Data for processing |
# # # #

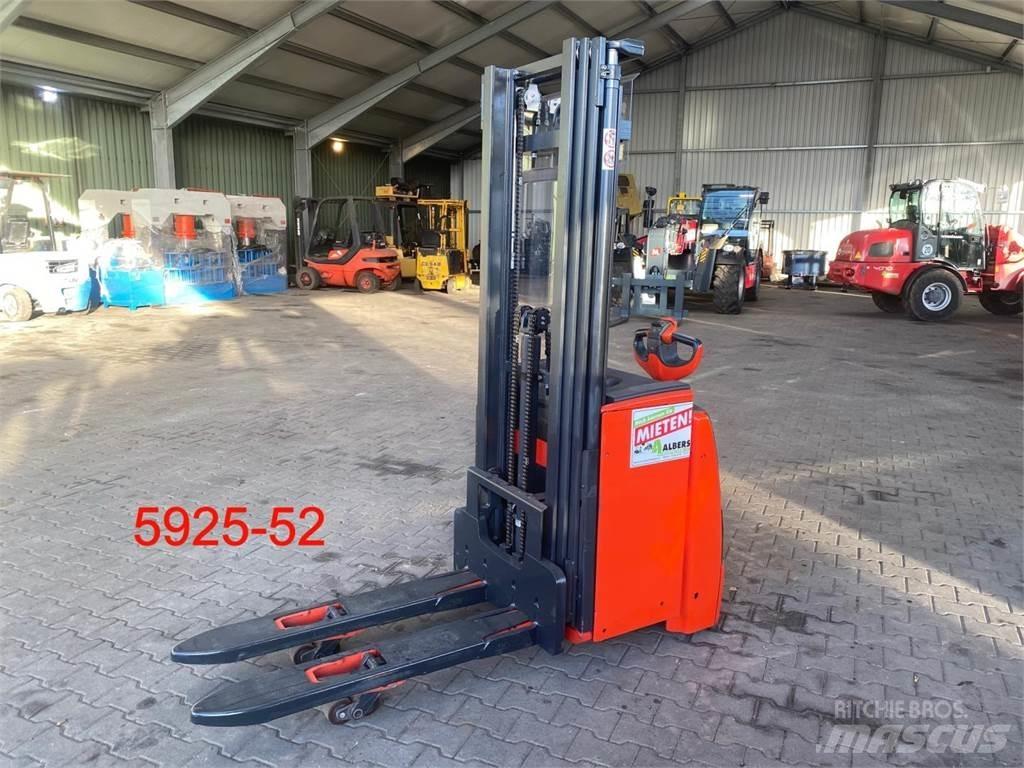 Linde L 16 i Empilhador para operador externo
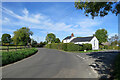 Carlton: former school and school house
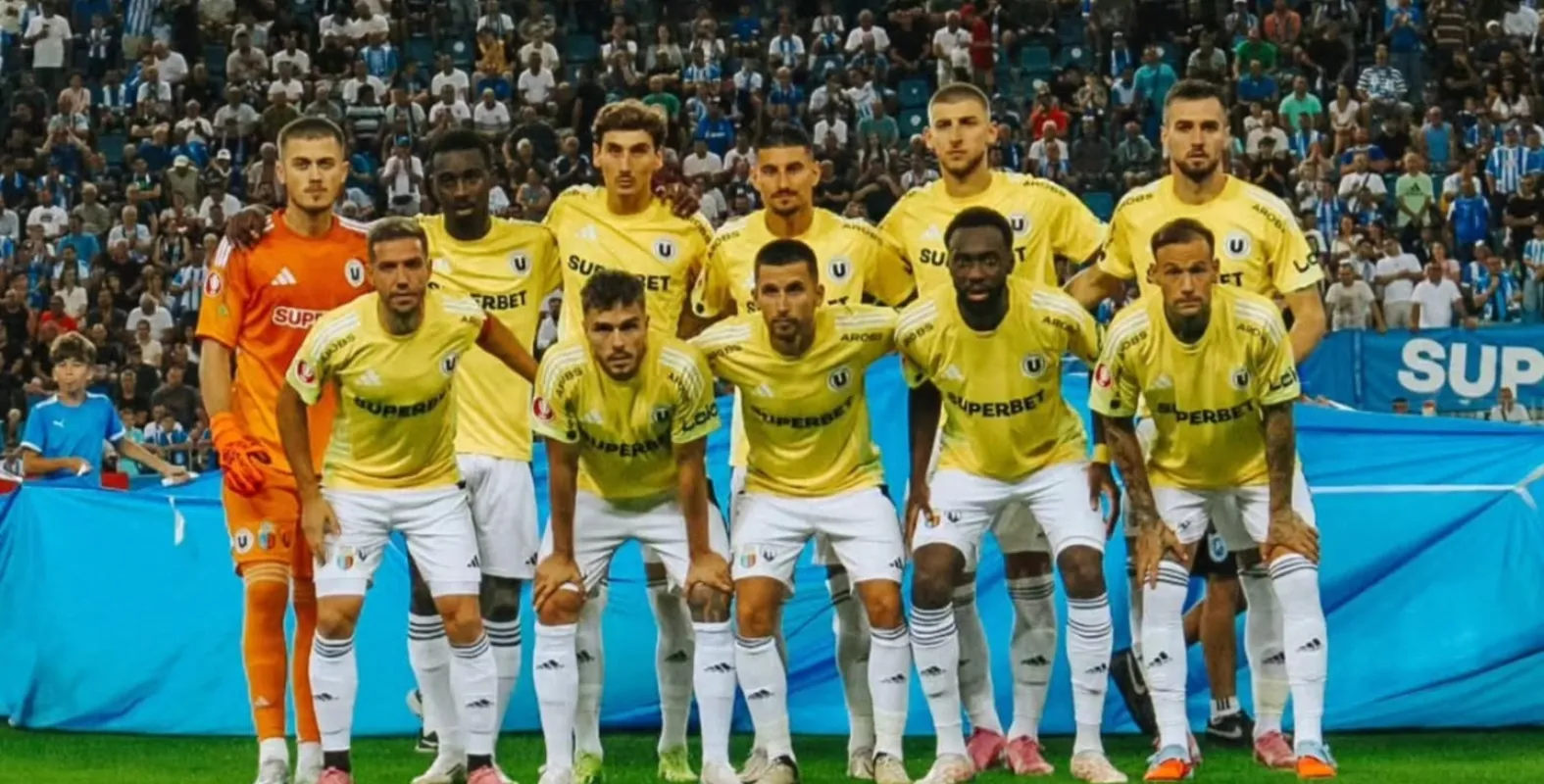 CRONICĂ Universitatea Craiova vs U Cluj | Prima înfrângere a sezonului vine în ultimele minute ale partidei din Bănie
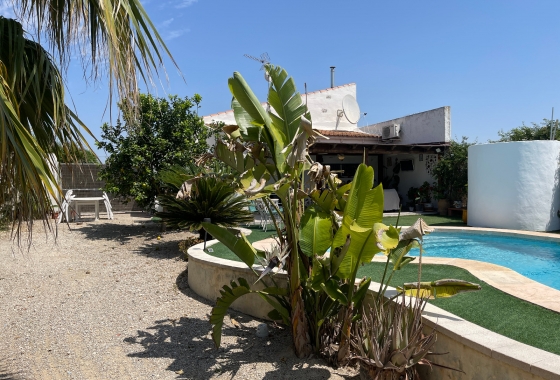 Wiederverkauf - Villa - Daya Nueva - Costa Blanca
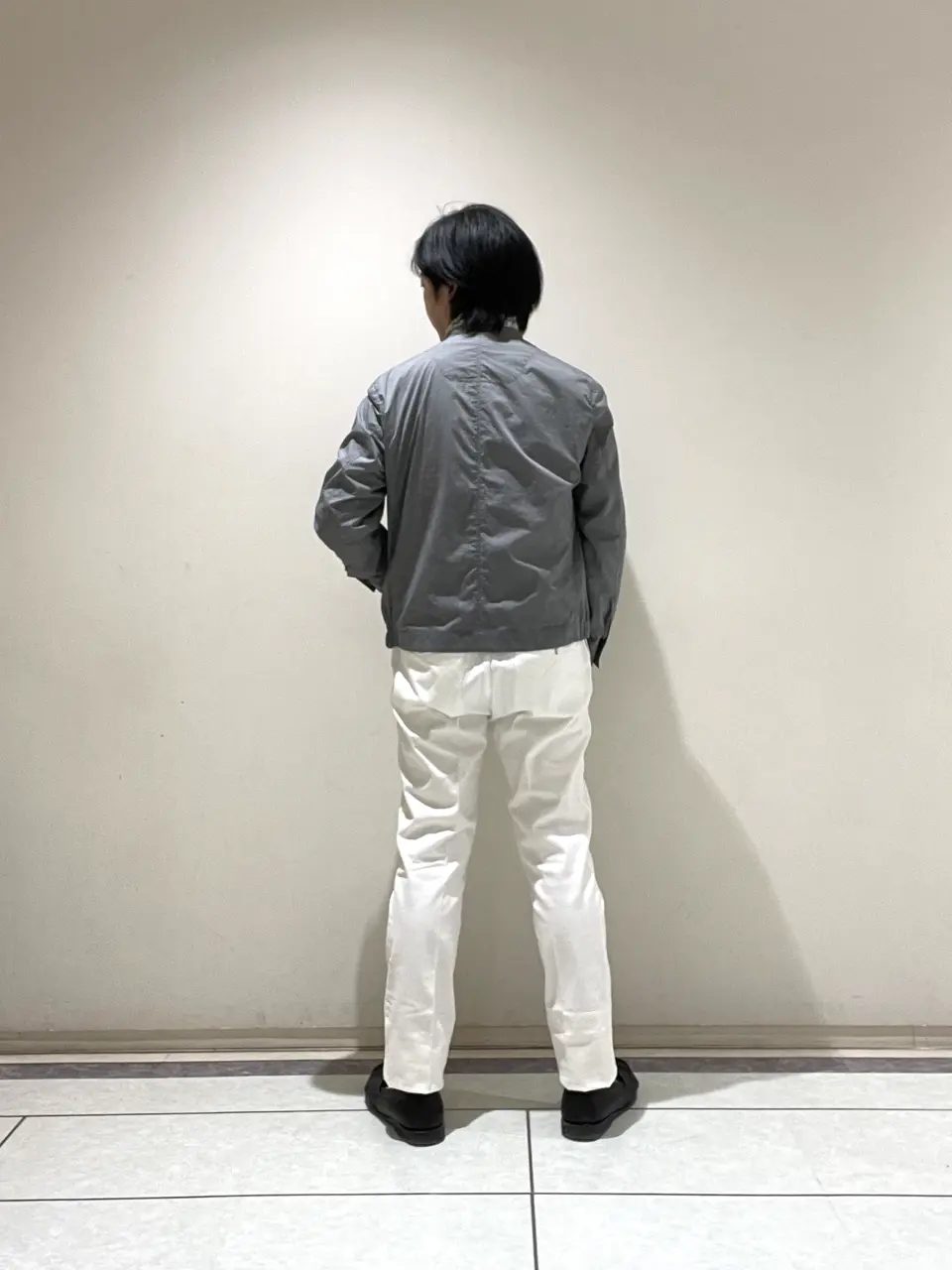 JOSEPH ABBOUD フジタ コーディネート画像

# # # #

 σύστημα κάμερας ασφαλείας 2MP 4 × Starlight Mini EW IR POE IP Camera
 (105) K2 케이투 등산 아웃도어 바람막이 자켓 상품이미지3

# # # #

Directions for this task | Transcribe, exactly and without pictures, everything in the data from the line with "Linde L 16 i" down to the line with "JOSEPH ABBOUD フジタ コーディネート画像", both included.

Result |
 Linde L 16 i Empilhador para operador externo
 Carlton: former school and school house
 CRONICĂ Universitatea Craiova vs U Cluj | Prima înfrângere a sezonului vine în ultimele minute ale partidei din Bănie
 Wiederverkauf - Villa - Daya Nueva - Costa Blanca
 JOSEPH ABBOUD フジタ コーディネート画像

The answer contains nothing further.